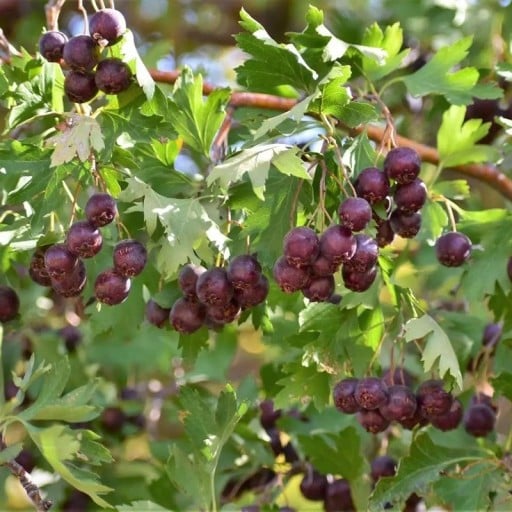 Osivo hloh džungarský Crataegus songarica 10 ks vzácná středoasijská horská dřevina odolná suchu pro sběratelské zahrady a alpinia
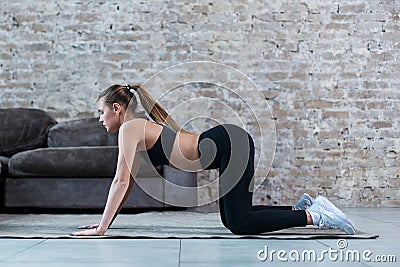 Pretty slim sportswoman practicing gymnastics doing exercises standing on all fours indoors Stock Photo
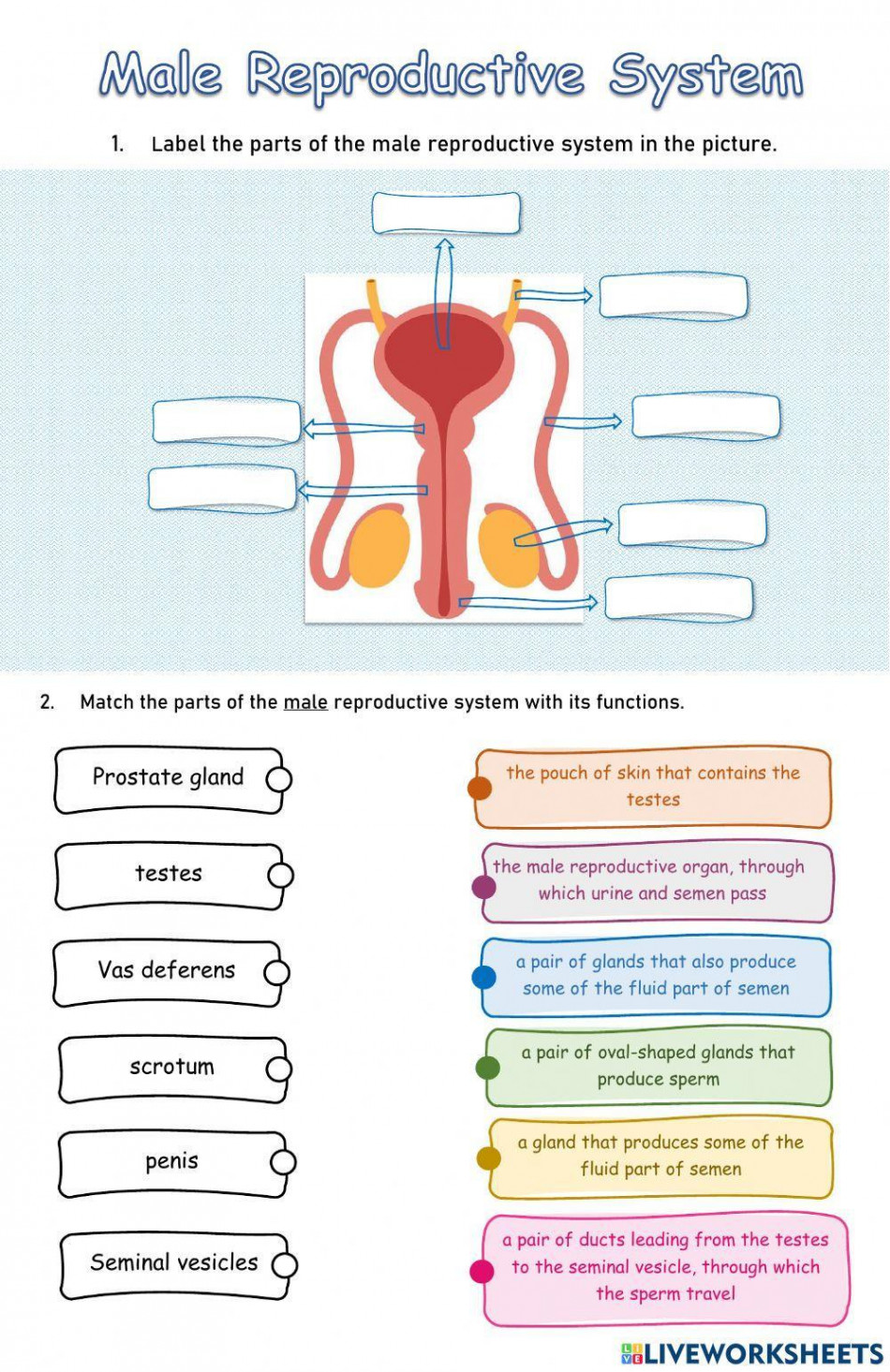 Male reproductive system exercise for grade   Live Worksheets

* _Work required_:
Once more, please print the whole listing exactly, omitting each image.

* _Exercise result_:
 Osivo hloh džungarský Crataegus songarica 10 ks vzácná středoasijská horská dřevina odolná suchu pro sběratelské zahrady a alpinia
 Pretty slim sportswoman practicing gymnastics doing exercises standing on all fours indoors Stock Photo
 Male reproductive system exercise for grade   Live Worksheets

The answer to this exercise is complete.